“Justices Signal Court Testimony’s Primacy” — Or Do They?
Is the Supreme Court about to ban the use of 911 calls in court when the caller doesn’t testify? Depends on which news organization you ask.
If you ask the L.A. Times, it’s virtually a done deal that such evidence can’t be used. This paper’s story is titled Justices Signal Court Testimony’s Primacy.

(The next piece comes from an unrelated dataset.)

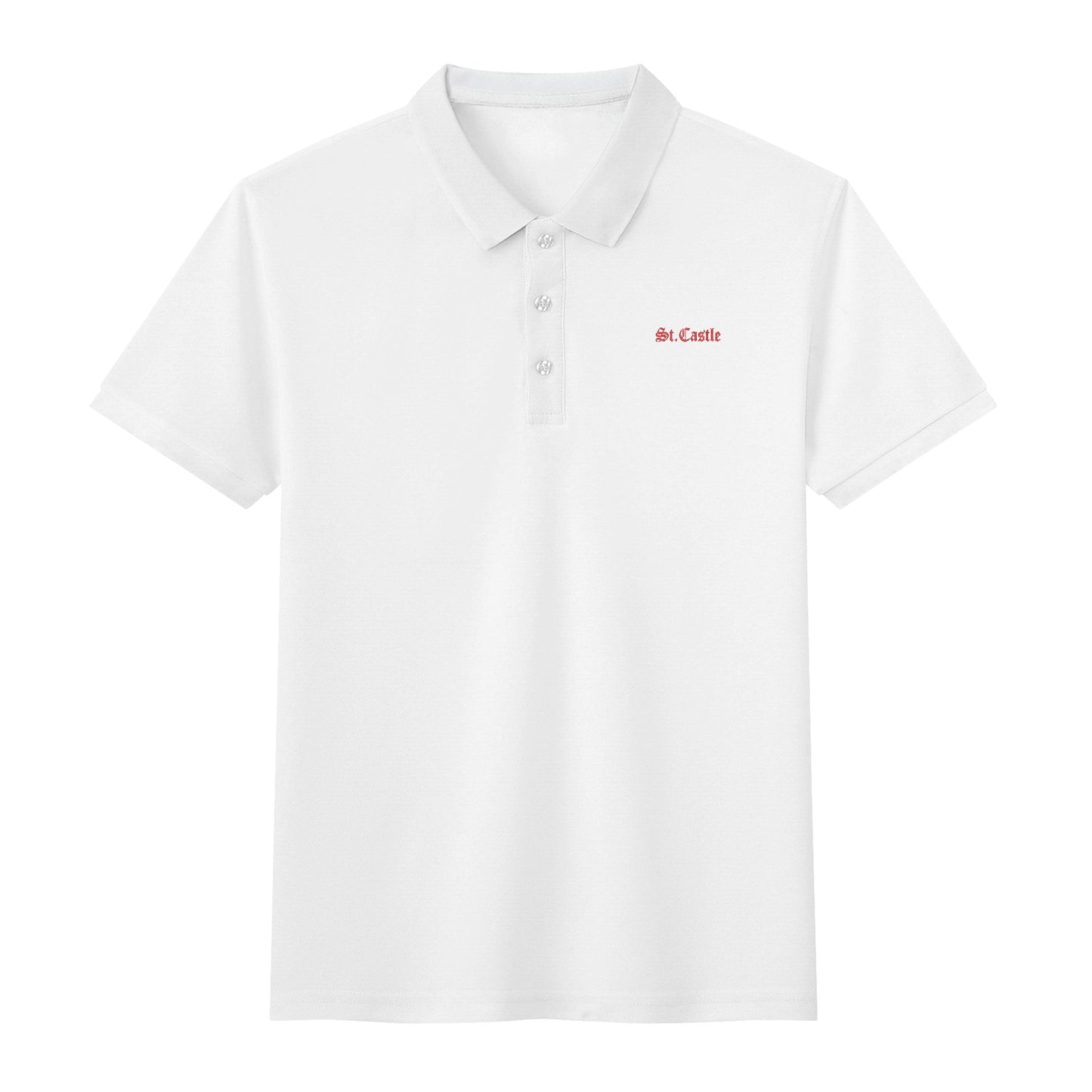 Cotton Polo Shirt With Logo St castle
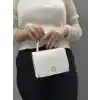 Beyaz cilt krash çanta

The sub-head reads: “All but Ginsburg lean toward defendants having the right to ‘be confronted’ by accusers, even in cases of domestic violence and abuse.” And the first paragraph says:
WASHINGTON — The Supreme Court justices, with the exception of Ruth Bader Ginsburg, sounded Monday as if they were likely to bar prosecutors from using in court the words of alleged crime victims who speak to authorities but later refuse to testify.
That’s just one Justice favoring the prosecution position urged by several states and the Bush Administration.
But the Washington Post says that “at least some of the justices seemed concerned about how far to extend the new rule.” “Some” is more than “one.” Let’s read on:
The court’s newest member, Justice Samuel A. Alito Jr., a former prosecutor, also seemed to lean in favor of the states. He asked lawyers for the defendants questions that implied they were asking for too broad a rule.
“If someone calls and says ‘I just saw a blue Toyota with Ohio plates do a hit-and-run,’ is that testimony?” he asked at one point.
“Yes,” replied Hammon’s lawyer, Richard D. Friedman.
Two Justices! Ha ha ha ha. [Said in the voice of Sesame Street’s the Count.] And the AP says:
Chief Justice John Roberts appeared to give prosecutors and police the benefit of the doubt in both cases.
Roberts was skeptical when Davis’ lawyer suggested that prosecutors, armed with powerful 911 tapes, might keep “bad” witnesses off the stand to win their cases.
And the chief justice said police officers have mixed motives in trying to protect victims and build criminal cases.
Three Justices! Ha ha ha ha.
Of course, three is not five. But reading these stories leaves you feeling completely in the dark as to where these Justices really stand.
We’ll have a better idea when the oral argument transcript comes online.